ArtPlace America is a collaboration of leading national and regional foundations, banks and federal agencies committed to accelerating creative placemaking – putting art at the heart of a portfolio of strategies designed to revitalize communities. We at the Harrison Center and City Gallery have enjoyed years of community and city support.  We are grateful for our partners here in Indianapolis who know us and who have given thousands of dollars in support of our work in the city.  The ArtPlace grant marks the first time that our work has been recognized and funded at a national level.

 

We’re continuing our mission to promote the beauties of  living, working and playing in urban Indianapolis.  We believe that place (in our case, Indianapolis’s core neighborhoods) is important, and that a vibrant arts scene is a community and cultural development catalyst.  ArtPlace funding will allow us to, among other things, produce over 30 celebratory place-based  exhibits, festivals and community events, including a new singer-songwriter festival this fall.  We’ve had several of our summer interns arrive this week, including Paul Smallman, our new “brand ambassador” from Baltimore, who is also an accomplished singer-songwriter.  Paul has the daunting charge of writing a song a week telling the stories of urban Indianapolis.  Friday afternoon, we all sat together in the office and listened to his first composition, Different Speech, a moving ballad referencing Robert Kennedy’s announcement of the death of Martin Luther King, Jr. which took place just a few blocks from us in what is now MLK Park.
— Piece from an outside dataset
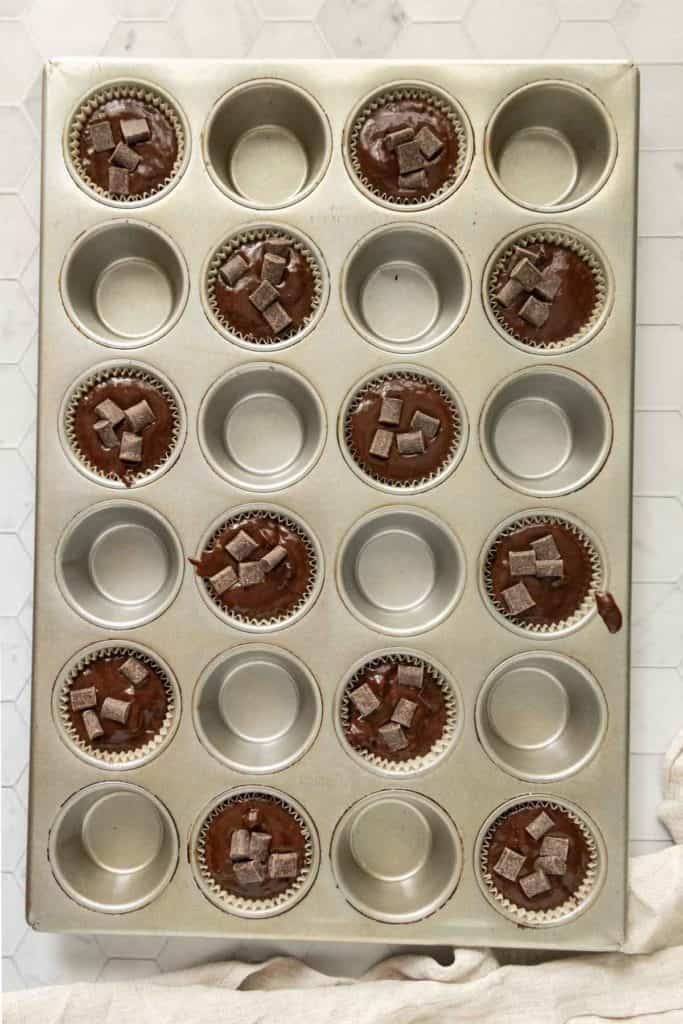 Muffin tin with cups holding chocolate batter topped with chocolate pieces, alongside some empty slots.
We’re thrilled to have the opportunity to have these bits of our neighborhood history captured in song.

 

The official announcement and community celebration of the ArtPlace America award will take place on June 8th at our 12th Annual Independent Music + Art Festival (IMAF), a day-long festival that includes 12 local and regional bands and over 100 modern crafters and artists with an expected attendance of over 7000.  But we wanted you to know first!  Thank you to ArtPlace America for this unprecedented opportunity, and thank you to all of our partners here in Indianapolis who work tirelessly to make this world class city such a great place to live. We’re proud to be working alongside you.

May 17, 2013

School at 23rd & Park plays vital role in neighborhood renewal

by emilyvanest

In the 1970s, the neighborhood now known as Fall Creek Place was informally known as “Dodge City, because of the increased number of shootings; soaring crime rates, rampant drug abuse, and a serious abandoned and deteriorating housing problem contributed to the blight.  At a grassroots level, however, neighbors were working in their own ways to bring about change.  Percy Scruggs, an African American boy scout leader from Alabama, opened the first Community Outreach Center in the neighborhood.  Russ Pulliam once said of Scruggs, “He never talked about diversity or racial reconciliation.  But he practiced it, bringing together blacks and whites in a common cause to help a neighborhood.”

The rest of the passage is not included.